Fully benefiting from a cloud data lake approach is a process that involves moving data and ensuring data quality.
For global payment and money transfer services vendor Western Union, data quality is a core element of its cloud data lake efforts.
Over the last two years, Western Union has embarked on an effort to consolidate its data warehouses in the cloud.
With locations and customers around the world, Western Union has amassed a large volume of data that it uses to improve its own business. Helping to lead Western Union's data efforts is the company's chief data officer, Thomas Mazzaferro.
"We've done a lot of consolidation throughout the last 18 months," Mazzaferro said, noting that the company has migrated more than 20 petabytes and now has more than 90% of its data in the cloud.

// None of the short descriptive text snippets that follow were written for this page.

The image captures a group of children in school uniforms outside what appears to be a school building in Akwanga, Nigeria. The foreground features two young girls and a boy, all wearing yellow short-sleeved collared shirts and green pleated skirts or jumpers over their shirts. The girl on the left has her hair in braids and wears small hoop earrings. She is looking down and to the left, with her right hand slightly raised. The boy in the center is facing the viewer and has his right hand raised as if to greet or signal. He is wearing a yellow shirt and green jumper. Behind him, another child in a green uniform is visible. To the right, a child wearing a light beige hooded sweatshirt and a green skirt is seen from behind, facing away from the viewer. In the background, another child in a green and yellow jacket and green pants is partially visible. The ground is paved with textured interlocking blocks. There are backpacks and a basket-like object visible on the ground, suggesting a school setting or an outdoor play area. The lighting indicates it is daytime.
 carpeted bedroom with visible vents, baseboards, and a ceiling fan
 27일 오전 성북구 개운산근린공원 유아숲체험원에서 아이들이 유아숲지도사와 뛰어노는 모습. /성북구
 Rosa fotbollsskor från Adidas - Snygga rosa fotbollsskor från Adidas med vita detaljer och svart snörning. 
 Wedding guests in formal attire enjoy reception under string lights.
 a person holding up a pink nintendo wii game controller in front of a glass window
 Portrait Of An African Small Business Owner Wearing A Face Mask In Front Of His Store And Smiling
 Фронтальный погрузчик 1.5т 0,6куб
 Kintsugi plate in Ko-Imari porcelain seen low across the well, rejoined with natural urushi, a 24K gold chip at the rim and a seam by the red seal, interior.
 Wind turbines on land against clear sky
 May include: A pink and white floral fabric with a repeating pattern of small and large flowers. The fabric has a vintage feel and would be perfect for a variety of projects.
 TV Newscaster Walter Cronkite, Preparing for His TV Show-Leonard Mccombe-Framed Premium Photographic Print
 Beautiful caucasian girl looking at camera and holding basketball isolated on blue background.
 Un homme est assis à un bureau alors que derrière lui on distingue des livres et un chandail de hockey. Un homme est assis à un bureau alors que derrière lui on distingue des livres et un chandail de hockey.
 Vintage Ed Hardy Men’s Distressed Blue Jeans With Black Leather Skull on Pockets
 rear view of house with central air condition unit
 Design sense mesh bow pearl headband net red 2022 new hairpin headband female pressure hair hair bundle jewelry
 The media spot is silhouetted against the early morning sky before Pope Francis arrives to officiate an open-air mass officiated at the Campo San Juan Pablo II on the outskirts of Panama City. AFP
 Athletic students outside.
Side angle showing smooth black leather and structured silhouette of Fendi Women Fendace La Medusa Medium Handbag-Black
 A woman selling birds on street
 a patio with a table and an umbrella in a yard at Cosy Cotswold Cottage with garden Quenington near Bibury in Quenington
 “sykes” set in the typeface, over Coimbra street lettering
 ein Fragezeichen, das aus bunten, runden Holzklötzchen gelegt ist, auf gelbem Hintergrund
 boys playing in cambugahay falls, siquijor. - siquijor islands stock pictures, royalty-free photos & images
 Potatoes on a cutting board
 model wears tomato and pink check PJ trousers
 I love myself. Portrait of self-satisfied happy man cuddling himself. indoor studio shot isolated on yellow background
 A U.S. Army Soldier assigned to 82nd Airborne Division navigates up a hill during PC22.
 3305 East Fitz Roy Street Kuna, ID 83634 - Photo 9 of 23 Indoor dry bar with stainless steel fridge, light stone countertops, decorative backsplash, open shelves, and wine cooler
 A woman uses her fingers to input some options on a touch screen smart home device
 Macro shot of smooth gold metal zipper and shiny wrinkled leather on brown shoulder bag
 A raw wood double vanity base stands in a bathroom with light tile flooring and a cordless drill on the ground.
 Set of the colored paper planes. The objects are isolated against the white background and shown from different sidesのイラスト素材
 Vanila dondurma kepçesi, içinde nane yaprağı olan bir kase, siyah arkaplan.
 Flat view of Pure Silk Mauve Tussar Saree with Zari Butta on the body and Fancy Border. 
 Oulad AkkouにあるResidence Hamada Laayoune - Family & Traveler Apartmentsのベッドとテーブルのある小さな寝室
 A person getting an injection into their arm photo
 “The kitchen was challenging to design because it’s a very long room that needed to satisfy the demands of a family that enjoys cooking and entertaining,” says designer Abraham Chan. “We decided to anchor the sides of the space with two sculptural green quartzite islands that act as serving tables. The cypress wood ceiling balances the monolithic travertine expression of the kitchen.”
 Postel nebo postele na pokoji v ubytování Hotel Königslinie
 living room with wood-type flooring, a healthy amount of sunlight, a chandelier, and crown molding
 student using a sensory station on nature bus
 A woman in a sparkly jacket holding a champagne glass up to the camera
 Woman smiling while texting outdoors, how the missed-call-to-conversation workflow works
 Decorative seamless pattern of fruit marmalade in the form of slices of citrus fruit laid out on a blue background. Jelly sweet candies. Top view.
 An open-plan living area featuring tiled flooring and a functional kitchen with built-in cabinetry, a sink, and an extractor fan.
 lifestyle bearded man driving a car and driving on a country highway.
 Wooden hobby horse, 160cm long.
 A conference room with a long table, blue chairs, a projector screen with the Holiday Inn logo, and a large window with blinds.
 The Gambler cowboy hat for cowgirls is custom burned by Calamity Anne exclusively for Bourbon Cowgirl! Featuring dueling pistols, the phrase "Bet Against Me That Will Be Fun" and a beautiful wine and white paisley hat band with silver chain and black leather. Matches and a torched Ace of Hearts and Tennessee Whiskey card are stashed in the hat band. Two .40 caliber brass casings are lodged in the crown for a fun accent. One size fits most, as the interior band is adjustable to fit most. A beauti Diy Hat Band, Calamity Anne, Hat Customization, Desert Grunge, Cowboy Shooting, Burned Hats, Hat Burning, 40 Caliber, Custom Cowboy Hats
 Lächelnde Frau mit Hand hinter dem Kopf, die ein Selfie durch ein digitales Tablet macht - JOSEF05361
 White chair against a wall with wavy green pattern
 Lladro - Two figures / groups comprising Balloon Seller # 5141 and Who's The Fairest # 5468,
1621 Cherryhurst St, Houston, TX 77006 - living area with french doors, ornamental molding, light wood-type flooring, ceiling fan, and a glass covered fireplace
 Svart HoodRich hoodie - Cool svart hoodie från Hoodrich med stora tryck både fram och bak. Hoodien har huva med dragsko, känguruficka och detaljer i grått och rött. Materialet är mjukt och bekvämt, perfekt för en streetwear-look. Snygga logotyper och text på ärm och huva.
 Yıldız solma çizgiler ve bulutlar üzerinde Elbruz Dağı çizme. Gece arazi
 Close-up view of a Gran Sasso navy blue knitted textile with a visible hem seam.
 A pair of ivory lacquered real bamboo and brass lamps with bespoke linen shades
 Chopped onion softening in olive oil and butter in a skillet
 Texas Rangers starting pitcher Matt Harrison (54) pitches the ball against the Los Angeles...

Western Union's path to data quality
Mazzaferro explained that the company consolidated multiple data warehouses onto a single data lake. Western Union is using AWS as the data lake, with Snowflake to enable its cloud data architecture.
Helping to move data around has been a task for which Mazzaferro and his team uses Talend and its suite of data tools for data ingestion, extract, transform and load, as well as data quality.
Mazzaferro noted that because Western Union operates internationally, it needs to be able to understand data quality wherever the data resides.
With Talend, Mazzaferro said Western Union has the ability to bring data metrics to a centralized location to visualize the data quality results.
Thomas MazzaferroChief data officer, Western Union
"Talend enables data to be visible because if you don't have data in the right place, you can't visualize it properly," Mazzaferro said. "Talend really helps to streamline and optimize our processes and our capabilities to support our customers."
Defining data quality
For Mazzaferro, the first component of an effective data quality strategy is the ability to actually measure data. With that ability comes a need for metrics to understand the data being used by the organization's processes and applications.
Beyond the ability to measure data, an effective data quality strategy also involves accountability. Mazzeferro emphasized that it's important to be able to align accountability and ownership of data with people who are accountable for a given set of information or processes.
Finally, when problems arise with data quality, he said it's important to put together a plan designed by both business and technology teams to fix the process or improve the overall data flow.
Data quality is not a measurement that Western Union conducts in real time.
Mazzeferro said his team doesn't want to slow down data flows in production or take any action that could decrease real-time performance for users.
That said, he noted that Western Union looks at data quality in what he referred to as "near real time," which could be minutes or hours after data moves. According to Mazzeferro, this enables the company to fix potential data quality problems quickly.
"Our focus for the new year is to scale, expand, modernize and improve our business policies through data-driven insights and through data quality," he said.